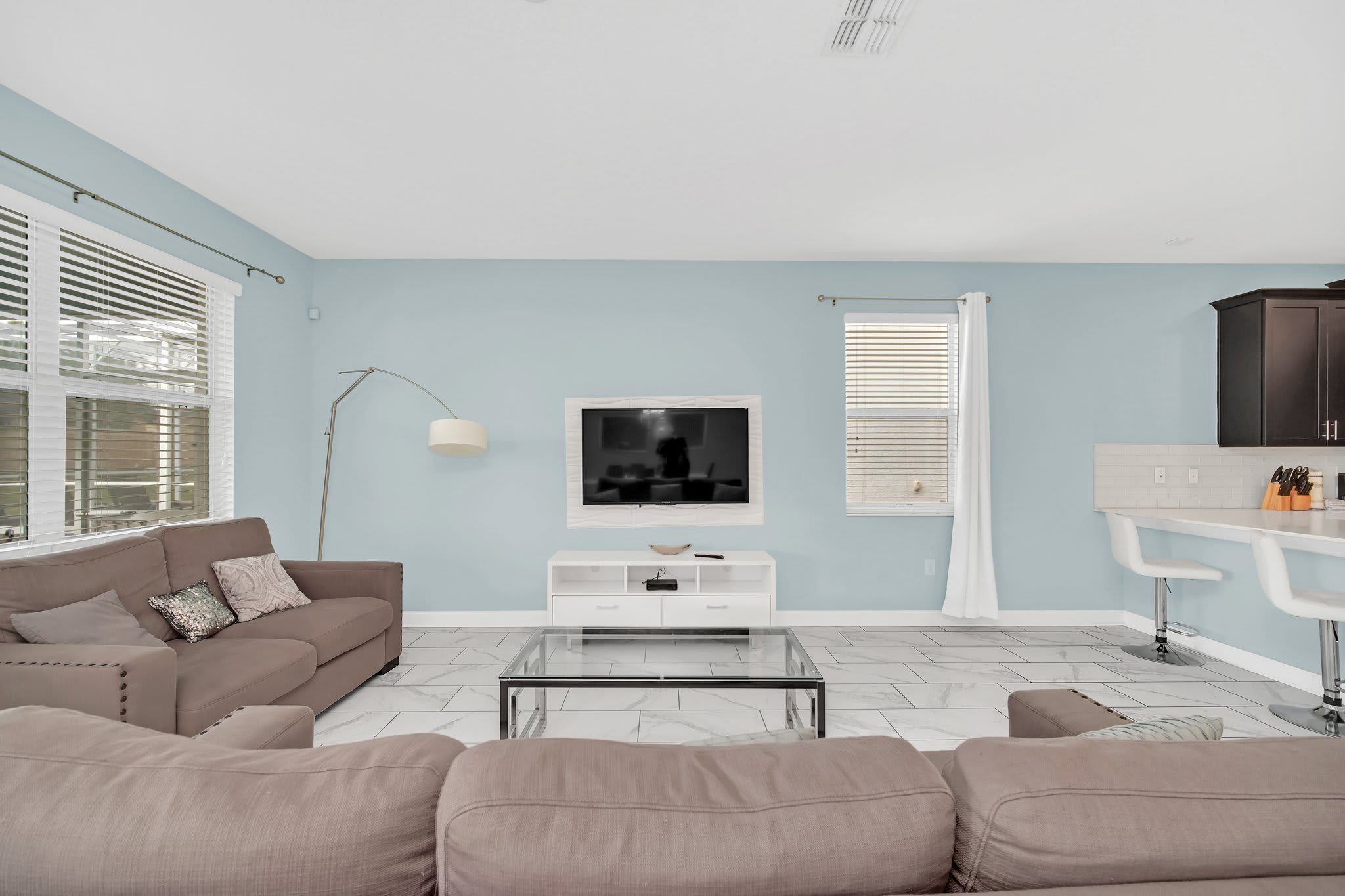 Epic 8B Villa Projector Theater Pool in Gated Community | Photo 7
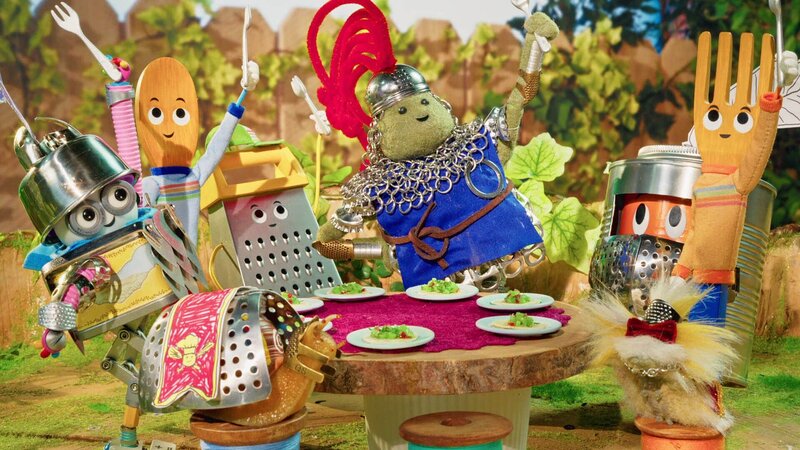 Olly (l.), Tiny Chef (hinter, m.) – Bild: Paramount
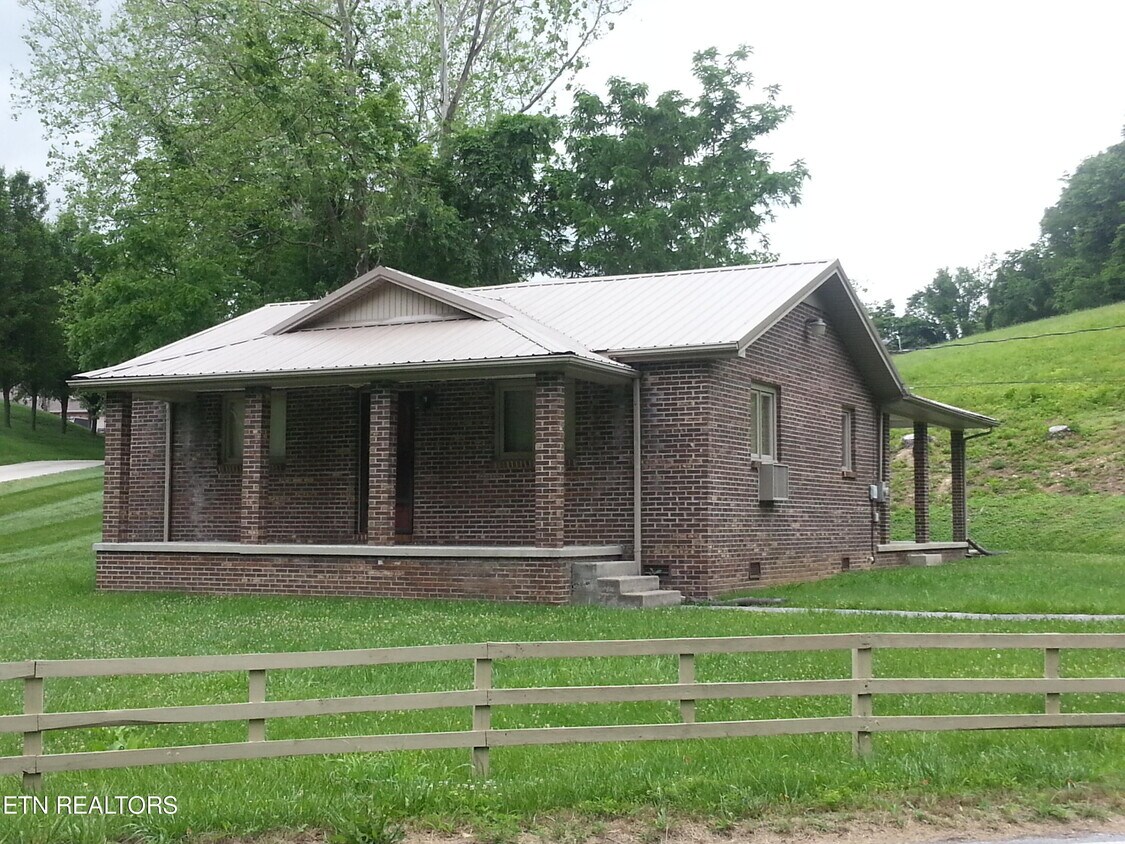 Primary Photo - 185 Pump Springs Rd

### ACTIVITY
Write out the data above in full and exactly, but not the pictures.

### COMPLETED TASK
 Epic 8B Villa Projector Theater Pool in Gated Community | Photo 7
 Olly (l.), Tiny Chef (hinter, m.) – Bild: Paramount
 Primary Photo - 185 Pump Springs Rd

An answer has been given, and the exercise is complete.